La dernière instance à considérer selon Lazzarotti est celle de la cohabitation. L'espace, en plus d'être une expérience contextuelle (espace habité) et subjective (habitant), est une expérience collective, voire politique. D'une part, le lieu est la condition implicite de la rencontre entre deux ou plusieurs individus. Ces rencontres géographiquement situées s'inscrivent dans le construit spatial et identitaire de chaque habitant et contribuent constamment à le réviser ou le confirmer. D'autre part, la cohabitation touche aussi aux manières de « construire le lien collectif entre les [individus] » (Lazzarotti, 2006: 93). Le chercheur peut alors se demander quelles conceptions du monde priment dans l'établissement d'un discours collectif et comment elles influencent ce discours. Lazzarotti mentionne que ces conceptions se retrouvent sur un spectrum allant d'une vision du collectif fermée et présentée comme achevée, « immuable et définitive », à une vision ouverte et évolutive, fondée sur le rapport aux autres. On comprend donc que la cohabitation se créée par un entrecroisement de liens de solidarité et de concurrence. C'est à travers de cette collectivité, ses normes et ses rapports de pouvoir que l'expérience d'habiter doit être conçue.

Mobilité et capital géographique

Le concept d'habiter a aussi la particularité de reconnaître que les individus aujourd'hui sont beaucoup plus mobiles, ce qui modifie considérablement leur rapport à l'espace. La distance spatiale devient donc moins importante que la distance affective (Hérouard, 2007: 164). Ainsi, les habitants peuvent investir affectivement des lieux, même éloignés de leur résidence, et désinvestir des lieux de proximité s'ils sont connotés négativement. Malgré la diminution de l'importance de la distance physique dans la notion d'habiter, la présence corporelle et la « pratique » du lieu restent tout aussi importantes. Vivre le lieu permet de créer une identité associée à ce lieu et un affect, positif ou négatif (Lazzarotti, 2006: 96).

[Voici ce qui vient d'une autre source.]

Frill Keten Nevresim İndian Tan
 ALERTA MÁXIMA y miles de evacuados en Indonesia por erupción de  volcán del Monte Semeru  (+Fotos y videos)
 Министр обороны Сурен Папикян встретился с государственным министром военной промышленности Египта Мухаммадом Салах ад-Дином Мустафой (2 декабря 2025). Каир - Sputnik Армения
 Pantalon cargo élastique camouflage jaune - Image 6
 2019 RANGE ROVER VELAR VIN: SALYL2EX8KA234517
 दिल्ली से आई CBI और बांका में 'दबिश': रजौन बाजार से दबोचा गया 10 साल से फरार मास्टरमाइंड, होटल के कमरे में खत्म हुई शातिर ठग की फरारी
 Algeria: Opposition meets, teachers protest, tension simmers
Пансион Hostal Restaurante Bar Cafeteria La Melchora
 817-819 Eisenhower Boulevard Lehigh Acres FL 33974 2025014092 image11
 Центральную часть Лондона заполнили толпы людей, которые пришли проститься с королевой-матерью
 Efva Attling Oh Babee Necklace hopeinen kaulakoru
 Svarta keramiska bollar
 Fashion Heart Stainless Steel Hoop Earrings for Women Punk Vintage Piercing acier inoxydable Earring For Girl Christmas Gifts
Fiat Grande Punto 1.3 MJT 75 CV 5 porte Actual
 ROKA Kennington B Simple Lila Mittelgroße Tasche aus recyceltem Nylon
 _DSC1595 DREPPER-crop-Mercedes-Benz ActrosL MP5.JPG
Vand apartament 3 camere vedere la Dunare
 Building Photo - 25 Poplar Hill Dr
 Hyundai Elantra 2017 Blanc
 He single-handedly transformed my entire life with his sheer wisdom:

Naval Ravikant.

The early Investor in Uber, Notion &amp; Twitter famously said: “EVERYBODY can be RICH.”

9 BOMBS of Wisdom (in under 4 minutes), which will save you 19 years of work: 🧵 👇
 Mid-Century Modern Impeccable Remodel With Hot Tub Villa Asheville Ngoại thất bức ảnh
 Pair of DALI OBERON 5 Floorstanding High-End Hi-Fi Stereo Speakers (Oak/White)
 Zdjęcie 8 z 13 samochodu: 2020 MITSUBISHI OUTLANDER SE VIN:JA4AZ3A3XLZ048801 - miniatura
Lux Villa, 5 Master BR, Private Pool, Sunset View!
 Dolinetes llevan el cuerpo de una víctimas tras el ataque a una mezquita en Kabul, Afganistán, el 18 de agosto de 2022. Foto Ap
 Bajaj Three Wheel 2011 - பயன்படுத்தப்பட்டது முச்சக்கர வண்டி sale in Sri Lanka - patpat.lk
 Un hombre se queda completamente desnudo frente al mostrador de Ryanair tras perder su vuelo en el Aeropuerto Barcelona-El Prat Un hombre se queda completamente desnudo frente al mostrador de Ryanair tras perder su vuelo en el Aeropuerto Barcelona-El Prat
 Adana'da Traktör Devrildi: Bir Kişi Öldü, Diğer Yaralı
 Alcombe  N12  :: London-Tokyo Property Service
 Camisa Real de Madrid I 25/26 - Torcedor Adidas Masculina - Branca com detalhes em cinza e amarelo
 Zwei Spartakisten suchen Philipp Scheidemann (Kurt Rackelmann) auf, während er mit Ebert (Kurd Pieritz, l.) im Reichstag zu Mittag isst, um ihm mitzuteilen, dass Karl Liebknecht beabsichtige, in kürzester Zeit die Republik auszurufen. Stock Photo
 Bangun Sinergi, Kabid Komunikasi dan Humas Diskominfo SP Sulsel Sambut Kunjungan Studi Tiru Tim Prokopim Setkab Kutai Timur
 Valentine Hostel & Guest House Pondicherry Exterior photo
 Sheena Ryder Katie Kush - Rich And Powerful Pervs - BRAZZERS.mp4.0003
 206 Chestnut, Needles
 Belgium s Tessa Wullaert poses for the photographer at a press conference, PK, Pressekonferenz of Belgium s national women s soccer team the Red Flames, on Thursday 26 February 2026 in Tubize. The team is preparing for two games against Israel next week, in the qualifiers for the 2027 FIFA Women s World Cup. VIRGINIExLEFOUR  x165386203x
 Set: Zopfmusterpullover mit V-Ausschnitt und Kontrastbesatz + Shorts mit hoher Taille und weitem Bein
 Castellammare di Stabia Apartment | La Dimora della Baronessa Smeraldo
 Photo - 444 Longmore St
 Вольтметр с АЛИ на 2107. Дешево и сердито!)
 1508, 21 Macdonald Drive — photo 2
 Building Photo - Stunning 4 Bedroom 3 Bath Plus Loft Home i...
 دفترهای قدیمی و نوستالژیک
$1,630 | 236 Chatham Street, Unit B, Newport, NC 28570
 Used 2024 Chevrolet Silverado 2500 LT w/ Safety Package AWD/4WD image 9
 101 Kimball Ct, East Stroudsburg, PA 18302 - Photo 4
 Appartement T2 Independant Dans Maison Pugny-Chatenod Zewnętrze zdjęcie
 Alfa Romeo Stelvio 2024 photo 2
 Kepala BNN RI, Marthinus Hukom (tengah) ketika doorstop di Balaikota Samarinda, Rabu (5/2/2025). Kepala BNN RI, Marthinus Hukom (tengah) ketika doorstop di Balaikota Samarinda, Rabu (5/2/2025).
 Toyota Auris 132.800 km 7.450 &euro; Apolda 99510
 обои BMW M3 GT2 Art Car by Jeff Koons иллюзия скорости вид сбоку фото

Lazzarotti introduit l'idée d'un capital géographique qui serait un amalgame de savoir-être, de savoir-faire et de savoir-vivre ensemble (Lazzarotti, 2006: 94). La connaissance du lieu physique et social, savoir comment on y circule, qui on y rencontre, à quelle fin, etc. est de première importance et nécessaire à la création d'un affect positif, d'un sentiment d'appartenance. Lazzarotti note que ce capital géographique s'étend sur l'histoire géographique complète d'un individu et parfois même sur son itinéraire familial. De plus, tout dépendant des

contextes, l'attachement géographique à plusieurs lieux peut constituer un atout (adaptation plus aisée) comme un obstacle (attachement à des espaces culturels « étrangers »). Ainsi, un habitant dont la famille habite le même village ou la même région depuis plusieurs générations aura accumulé un important bagage de capital géographique, offrant une légitimité à son discours sur les événements dans l'espace habité.

Cette notion de capital géographique est intéressante lorsqu'on considère que les savoirs géographiques ne sont pas neutres. Certains savoirs peuvent être imposés comme légitimes et dominants, « comme mesure des lieux et de leurs fondements » (Lazzarotti, 2006: 95). Ces savoirs légitimes s'installent donc comme règle, parfois informelle, sur comment être « géographiquement correct ».

À Laval, le rapport à certains lieux est différent pour des résidents ayant toujours habité le quartier ou la ville de Laval par rapport aux nouveaux arrivants. Cela est dû, d'une part aux connaissances de l'espace qui ne sont pas les mêmes (moins de temps d'apprivoisement) et, d'autre part, au statut d'immigrant qui est (plus ou moins) fortement apposé sur l'individu, délégitimant certaines de ses connaissances sur l'espace (et ses perspectives quant à l'accès au contenu des lieux) au profit des discours et pratiques majoritaires.